EaglePicher reported that net cash from operating activities in fiscal year 2001 was $67.4 million, and that it used approximately $36.8 million in investing activities and approximately $17.8 million in financing activities in fiscal year 2001.

EaglePicher also reported the following as of November 30, 2001:

· Total indebtedness for borrowed money, including the current portion of long term debt and the Company's receivables loan facility, was $443.1 million.

· Cash on hand of $24.6 million.

· Availability of $74.3 million under its various credit facilities.

· Working capital of $83.4 million.

The Company was in compliance with all covenants under its senior debt facility as of November 30, 2001.

The Company announced that it expects sales for fiscal year 2002 to be approximately $700 million. The Company is projecting fiscal year 2002 EBITDA to be approximately $93 million to $97 million. Projected EBITDA improvement with roughly flat sales reflects cost reduction initiatives across the Company. On the basis of these projections, the Company believes it will be in compliance with all covenants under its senior debt facility in fiscal year 2002.

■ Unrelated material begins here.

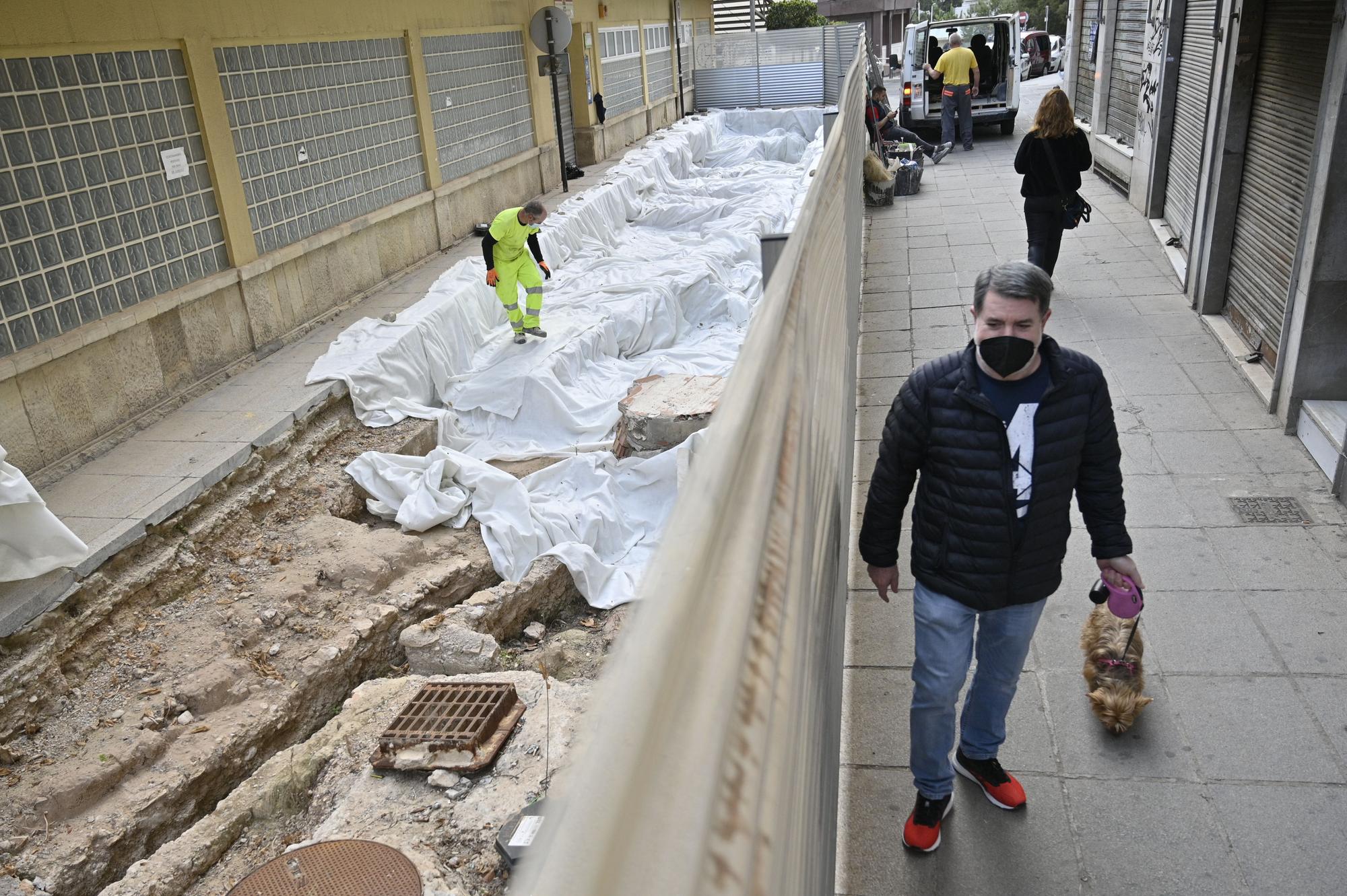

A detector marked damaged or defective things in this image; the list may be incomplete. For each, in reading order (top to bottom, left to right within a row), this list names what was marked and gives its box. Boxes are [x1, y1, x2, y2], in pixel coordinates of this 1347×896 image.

rusted manhole cover [1228, 495, 1309, 525]
rusted manhole cover [369, 681, 525, 770]
rusted manhole cover [225, 840, 420, 894]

Based on current estimates of first quarter results, the Company is on track for expected fiscal year 2002 results, taking into account expected sequential growth in quarterly earnings, and the Company believes it will be in compliance with all of its debt covenants at February 28, 2002.

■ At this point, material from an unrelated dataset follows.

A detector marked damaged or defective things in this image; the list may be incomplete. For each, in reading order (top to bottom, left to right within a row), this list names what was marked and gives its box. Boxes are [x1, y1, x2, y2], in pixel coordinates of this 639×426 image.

This news release contains statements which, to the extent that they are not recitations of historical fact, constitute "forward looking statements" within the meaning of the Private Securities Litigation Reform Act of 1995, Section 21E of the Securities Exchange Act of 1934. Such forward-looking information involves risks and uncertainties that could cause actual results to differ materially from those expressed in any such forward-looking statements. These risks and uncertainties include, but are not limited to, the ability of the Company to maintain existing relationships with customers, demand for the Company's products, the ability of the Company to successfully implement productivity improvements and/or cost reduction initiatives; the ability of the Company to develop, market and sell new products, the ability of the Company to obtain raw materials, increased government regulation or changing regulatory policies resulting in higher costs and/or restricting output, increased price competition, currency fluctuations, general economic conditions, acquisitions and divestitures, technological developments and changes in the competitive environment in which the Company operates, as well as factors discussed in the Company's filings with the U.S Securities and Exchange Commission.

EPI, founded in 1843, is a diversified manufacturer of industrial products for the automotive, defense, aerospace, construction and other industrial markets worldwide. EPI operates more than 40 plants and has 4,100 employees in the United States, Canada, Mexico, the United Kingdom, Germany and Japan. All of the Company's operations are conducted through EPI and its subsidiaries.